Resulta que a los japoneses, especialmente sensibles con esta cuestión, les pasa a veces que experimentan el llamado «síndrome de París» cuando lo visitan, una dolencia que arrastra a quien la padece a una profunda decepción ante esa ciudad.
Resulta que se da muy a menudo y que incluso existe un corto documental en donde se explica lo que le sucede a quien lo sufre: alucinaciones, depresiones… lo peor de lo peor, todo por el choque cultural.
Japón está muy lejos. No sé cómo me sentiría yo si lo visitase, tal vez entrara en pánico al ver a sus habitantes atestando las calles en cada cruce de cinco semáforos, quien sabe si me volvería pensativa y reflexiva como Scarlett Johansson y miraría a través de la ventana de mi hotel sin pantalones. Lo ignoro.
Lo que sí sé es que en mi caso, de haber pasado yo por algún trastorno anímico durante mi estancia en París, desde luego que éste estuvo más cercano al de Stendhal que al japonés, no hay duda: a mí la belleza me puede.
Porque sesenta días no son ni serán nunca días suficientes para disfrutar París y me han faltado muchos más.
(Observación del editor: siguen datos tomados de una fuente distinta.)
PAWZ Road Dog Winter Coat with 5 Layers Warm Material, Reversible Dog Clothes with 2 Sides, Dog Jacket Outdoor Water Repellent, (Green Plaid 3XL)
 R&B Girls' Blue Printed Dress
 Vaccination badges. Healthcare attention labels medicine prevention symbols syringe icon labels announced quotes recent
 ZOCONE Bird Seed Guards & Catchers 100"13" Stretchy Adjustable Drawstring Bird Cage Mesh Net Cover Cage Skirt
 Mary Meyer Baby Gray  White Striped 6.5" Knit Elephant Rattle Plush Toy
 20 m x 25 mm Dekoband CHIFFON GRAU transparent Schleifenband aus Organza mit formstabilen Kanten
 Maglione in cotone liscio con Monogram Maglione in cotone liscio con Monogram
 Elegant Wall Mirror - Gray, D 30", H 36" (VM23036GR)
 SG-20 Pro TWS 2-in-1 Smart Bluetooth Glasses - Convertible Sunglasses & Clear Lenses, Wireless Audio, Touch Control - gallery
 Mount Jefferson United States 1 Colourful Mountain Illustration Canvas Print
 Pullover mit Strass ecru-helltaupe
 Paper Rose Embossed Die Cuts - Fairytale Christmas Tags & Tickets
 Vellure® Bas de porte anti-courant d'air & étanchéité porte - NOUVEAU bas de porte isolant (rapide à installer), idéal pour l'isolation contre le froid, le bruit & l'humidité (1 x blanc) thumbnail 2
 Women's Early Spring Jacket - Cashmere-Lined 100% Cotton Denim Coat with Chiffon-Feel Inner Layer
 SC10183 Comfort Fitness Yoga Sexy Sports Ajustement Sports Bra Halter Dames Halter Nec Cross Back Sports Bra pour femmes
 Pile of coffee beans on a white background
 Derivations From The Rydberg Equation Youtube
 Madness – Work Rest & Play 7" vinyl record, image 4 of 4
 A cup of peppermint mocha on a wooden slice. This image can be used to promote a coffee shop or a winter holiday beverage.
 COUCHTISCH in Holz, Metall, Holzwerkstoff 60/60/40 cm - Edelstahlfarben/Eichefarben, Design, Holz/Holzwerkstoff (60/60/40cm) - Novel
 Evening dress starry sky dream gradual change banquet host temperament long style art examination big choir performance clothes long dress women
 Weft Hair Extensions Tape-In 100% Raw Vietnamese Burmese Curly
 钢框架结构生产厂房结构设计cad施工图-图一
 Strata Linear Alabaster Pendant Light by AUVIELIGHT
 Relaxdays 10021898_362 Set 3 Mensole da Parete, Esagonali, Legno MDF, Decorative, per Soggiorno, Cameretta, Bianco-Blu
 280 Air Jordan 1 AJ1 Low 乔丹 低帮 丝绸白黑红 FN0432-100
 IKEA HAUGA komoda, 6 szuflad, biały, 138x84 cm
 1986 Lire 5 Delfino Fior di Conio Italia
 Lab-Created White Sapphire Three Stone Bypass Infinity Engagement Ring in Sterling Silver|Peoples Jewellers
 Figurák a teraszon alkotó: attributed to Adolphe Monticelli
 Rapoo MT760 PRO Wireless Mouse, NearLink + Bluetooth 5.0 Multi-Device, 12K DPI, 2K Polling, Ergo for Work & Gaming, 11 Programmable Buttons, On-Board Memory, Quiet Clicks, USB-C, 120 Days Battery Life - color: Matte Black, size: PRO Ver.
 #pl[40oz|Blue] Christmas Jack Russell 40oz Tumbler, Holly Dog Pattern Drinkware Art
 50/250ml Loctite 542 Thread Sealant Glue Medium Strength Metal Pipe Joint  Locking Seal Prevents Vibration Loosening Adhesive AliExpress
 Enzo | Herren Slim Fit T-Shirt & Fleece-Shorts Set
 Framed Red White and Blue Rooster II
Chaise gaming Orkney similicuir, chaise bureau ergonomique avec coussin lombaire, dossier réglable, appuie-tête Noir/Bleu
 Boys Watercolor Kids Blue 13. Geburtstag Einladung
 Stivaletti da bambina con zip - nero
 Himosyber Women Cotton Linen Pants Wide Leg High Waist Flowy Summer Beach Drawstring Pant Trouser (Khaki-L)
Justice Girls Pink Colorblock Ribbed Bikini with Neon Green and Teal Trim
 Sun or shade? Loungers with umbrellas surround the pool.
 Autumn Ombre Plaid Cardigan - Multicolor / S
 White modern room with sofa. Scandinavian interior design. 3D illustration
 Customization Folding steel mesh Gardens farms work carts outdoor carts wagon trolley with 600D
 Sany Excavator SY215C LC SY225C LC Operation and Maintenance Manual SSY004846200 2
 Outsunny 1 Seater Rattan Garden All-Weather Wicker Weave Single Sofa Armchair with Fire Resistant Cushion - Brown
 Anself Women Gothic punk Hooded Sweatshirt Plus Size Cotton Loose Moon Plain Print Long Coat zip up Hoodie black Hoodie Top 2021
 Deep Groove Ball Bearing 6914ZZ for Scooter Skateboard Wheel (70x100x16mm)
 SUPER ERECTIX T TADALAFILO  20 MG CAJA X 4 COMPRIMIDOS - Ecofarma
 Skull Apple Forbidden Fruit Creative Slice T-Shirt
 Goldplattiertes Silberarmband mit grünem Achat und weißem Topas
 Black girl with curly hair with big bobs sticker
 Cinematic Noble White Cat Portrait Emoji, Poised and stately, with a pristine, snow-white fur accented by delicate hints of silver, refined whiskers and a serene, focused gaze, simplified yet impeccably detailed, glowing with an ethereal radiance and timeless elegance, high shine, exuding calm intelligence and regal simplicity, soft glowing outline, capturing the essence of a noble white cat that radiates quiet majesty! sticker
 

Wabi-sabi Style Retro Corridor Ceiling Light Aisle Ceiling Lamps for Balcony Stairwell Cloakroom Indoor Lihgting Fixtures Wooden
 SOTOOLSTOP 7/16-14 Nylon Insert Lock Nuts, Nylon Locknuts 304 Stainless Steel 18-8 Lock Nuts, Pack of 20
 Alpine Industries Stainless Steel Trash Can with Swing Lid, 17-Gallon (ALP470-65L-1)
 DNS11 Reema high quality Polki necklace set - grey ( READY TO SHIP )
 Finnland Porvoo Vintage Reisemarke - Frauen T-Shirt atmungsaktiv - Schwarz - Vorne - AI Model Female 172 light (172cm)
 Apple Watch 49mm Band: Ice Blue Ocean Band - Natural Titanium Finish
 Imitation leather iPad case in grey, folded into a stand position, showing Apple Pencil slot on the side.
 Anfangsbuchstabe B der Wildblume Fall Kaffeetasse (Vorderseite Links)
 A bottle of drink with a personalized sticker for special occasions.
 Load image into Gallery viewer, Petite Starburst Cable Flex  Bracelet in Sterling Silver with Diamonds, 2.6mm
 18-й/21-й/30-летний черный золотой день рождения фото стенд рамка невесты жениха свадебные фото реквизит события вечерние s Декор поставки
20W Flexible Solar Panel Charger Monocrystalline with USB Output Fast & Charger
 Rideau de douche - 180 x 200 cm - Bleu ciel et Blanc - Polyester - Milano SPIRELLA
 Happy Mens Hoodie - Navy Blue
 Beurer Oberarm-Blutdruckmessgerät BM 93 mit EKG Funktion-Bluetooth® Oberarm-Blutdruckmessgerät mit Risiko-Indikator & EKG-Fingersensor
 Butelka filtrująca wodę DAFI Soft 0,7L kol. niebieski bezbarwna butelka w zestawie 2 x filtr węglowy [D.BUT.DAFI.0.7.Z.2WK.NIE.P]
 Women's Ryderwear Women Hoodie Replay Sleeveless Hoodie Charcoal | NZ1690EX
En sesenta días quizás se haga una con la ciudad, se acomode en ella y puede que empiece a conocerla un poco pero no son suficientes, son sólo el comienzo.
Pasaron los dos meses. En marzo comencé un primer borrador de mi novela y sigo peleándome con él desde entonces. He escrito, además, sesenta textos como éste que me han ayudado a recordar y a fijar en mi memoria detalles, algunos absurdos y otros no tanto que creía haber olvidado al irme de allí.
No, no soy víctima de ningún síndrome extraño pero estoy convencida de que voy a regresar porque París, dicen, no se acaba nunca y eso debo demostrarlo.